Carefully, I untangle my tendrils, let slither my roots, enfold myself within me. Float free, a moil of essences and intentions bound for home.

If only it was that easy to render! Already I can feel Sam's mind reacting, his unconscious patterns and drives shafting through the ball of my being, each thrust driving the barbs of posession deeper into my ephemeral structures.

Pain, like love, is not bound to the flesh. Now I must rely on the ruse I have placed within me to blunt the agony as I am stretched between skull and band. I remember love: the tiger, the tomb.

The band wants to wind me around its circle. I can feel the heat of the stones as I approach them, each an individual point of comfort, a welcome. Mescwar reaches out to embrace me, hoist me to safety. Now I must remember the opposite of love. Now I must loathe the wrongs done to me. Now I must remember the red-haired hunter and his bloody spear planted in my mother's chest.

And gather myself tight, become a point; a needle to penetrate the skin of the knuckle, to pass beyond derma and tendon and muscle to skim the length of bone, to bring myself to balance within the confines of the band's hoop, each stone an equidistant moon tethering me to stability.

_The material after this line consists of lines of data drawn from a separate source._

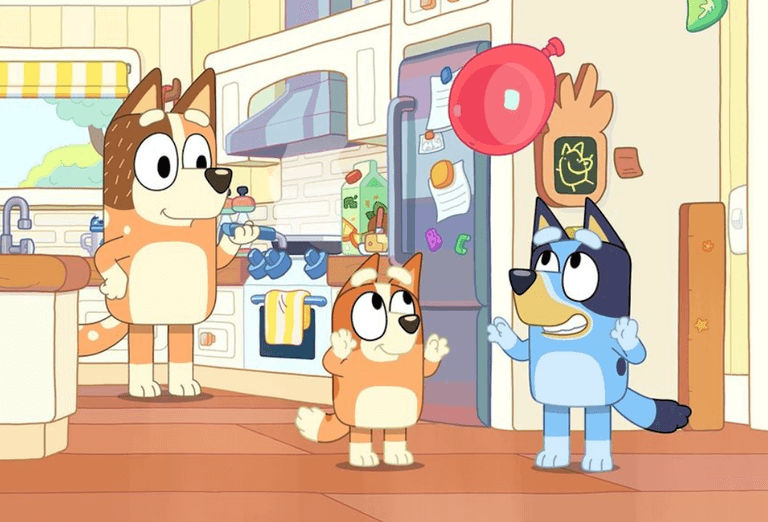 Parents thrilled after fat-shaming episode of Bluey is edited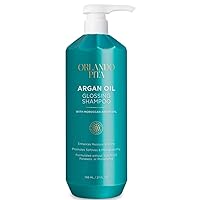 ORLANDO PITA Argan Oil Shampoo, 27 Fl Oz Salon Size- Premium Nourishing Hair Care for Men & Women - Professional Moisturizing, Anti Frizz, Hydrating Solution for Dry, Damaged Hair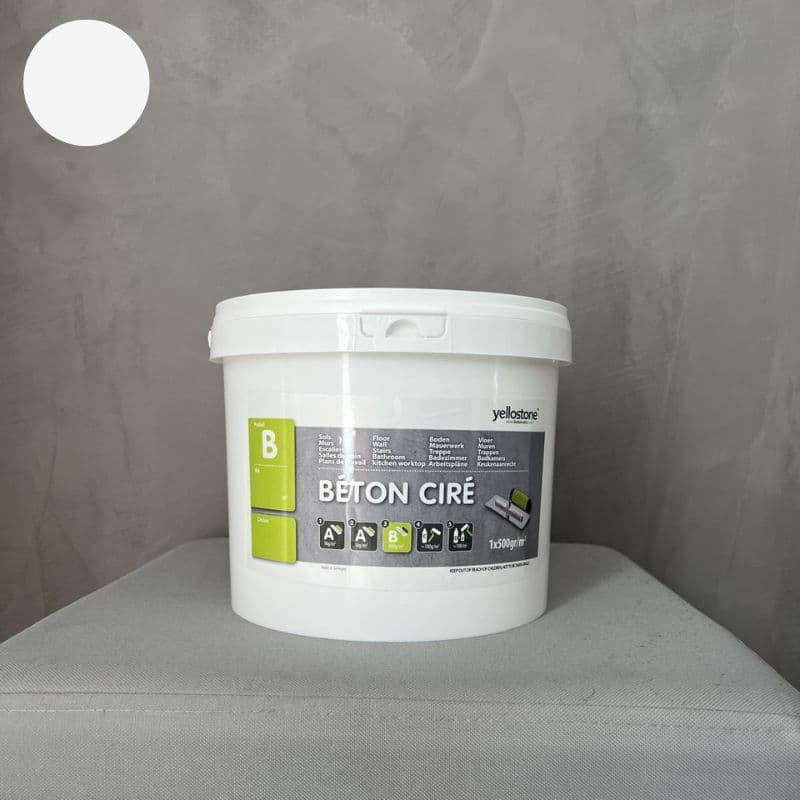 Béton Ciré "Les Blancs" - Passe B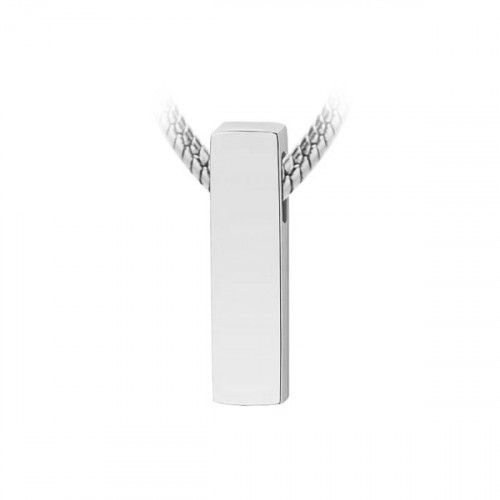 Navliekací oceľový prívesok iniciála - písmeno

If I had lungs, I'd scream. Above me now the sapphire prison of Ounous and the malevolent lie of Spoy, the fire of Tincas and the ice of Onuun; below me Mescwar and Uekh, each to their own interpretation of yellow, bracketing the heavy populations of emerald Fuebe. I can feel the question forming across the spheres of my being: call forth, sing the vibrations. Choose!

'Onuun!' I project the command through a miasma of brutal jabs, each a grim burn. 'Falc!'

The siren stones are mesmerising me. I must loathe them. I must loathe what has become of me, what I am reduced to. I must be a morphic rresonance of equal repulsion to that which would consume me. Still the vice of Sam's thoughtless mind clutches at my viscous being, binds me to him as a lover to the beloved.

As I snap back to the comforts of a living skull, the man behind us convulses, jerks to his climax and drops to the floor. The air Sam gasps into his lungs carries a faint taint of ozone within it, a hint of garlic and balsam and chert to mark the unwilling passage of a being brought through to the Outer World.

Welcome back, Falc. I hope you like your new host.